高橋揆一郎を読むなら、まずは芥川賞受賞作『伸予』を軸に、炭鉱町の暮らしへ少しずつ降りていくのがいい。北海道の「山」に生きた人々を、事故や貧しさだけでなく、笑い、意地、欲、沈黙まで含めて描いた作家だ。
この記事では、代表作から長編、短編集、画文集、エッセイまでを、初めて読む人が迷わないように並べた。閉山した町の記憶をたどる読書は、遠い土地の話でありながら、自分の仕事や家族や老いの見え方にも、じわりと影を落としてくる。
- 読む目的別の入り口
- 高橋揆一郎とは。

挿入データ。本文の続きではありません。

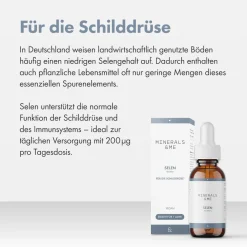 MINERALS & ME® Selen Tropfen| Discount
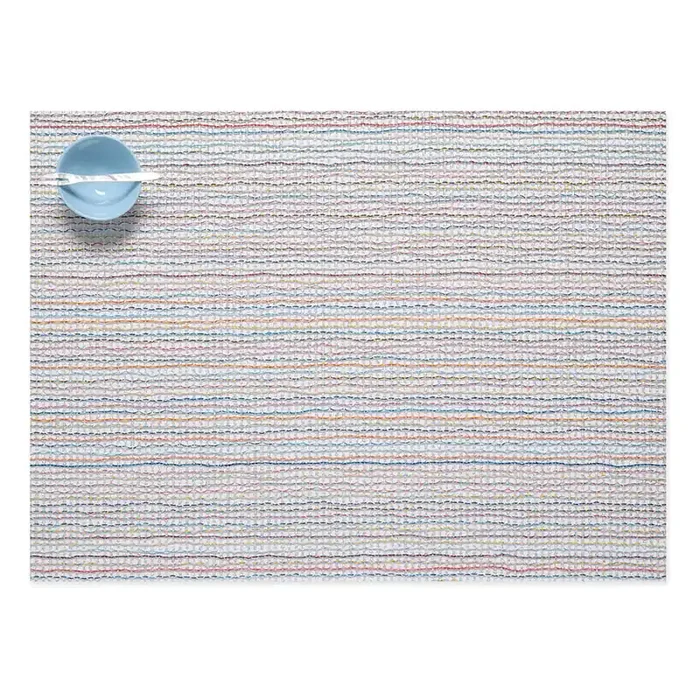 Chilewich Lattice Rectangle Place Mats Set/4 (Sorbet)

炭鉱町の暗がりと笑いを書いた作家
- 高橋揆一郎おすすめ本10選
- 1. 『伸予』――年下の男に「暴走」していく、北の未亡人の心の奥
- 2. 『友子』――炭鉱の「互助組織」から見える、北の共同体の力
- 3. 『観音力疾走』――暴走する力と信仰心を描く、エネルギーに満ちた初期代表作
- 4. 『五番棟の梅』――炭住の窓からのぞく、小さな希望とやりきれなさ
- 5. 『少年給仕』――戦時下の札幌で働く少年の、まぶしさとほろ苦さ
- 6. 『北の道化師たち』――笑いながら沈んでいく、北の人々のペーソス
- 7. 『北の旗雲』――「山」が消えていく時代を生きる人々の、長い余韻
- 8. 『地ぶき花ゆら』――北国の暮らしの「湿り気」をすくい取る小説集
- 9. 『帽灯に曳かれて』――炭鉱の灯りを追いかける、絵とことばの追想
- 10. 『縄のれん放談』――酒場のカウンター越しに聞くような、ざっくばらんなエッセイ
- 関連グッズ・サービス
- まとめ――消えていく町と、人の記憶を読み継ぐということ
- FAQ(よくある質問)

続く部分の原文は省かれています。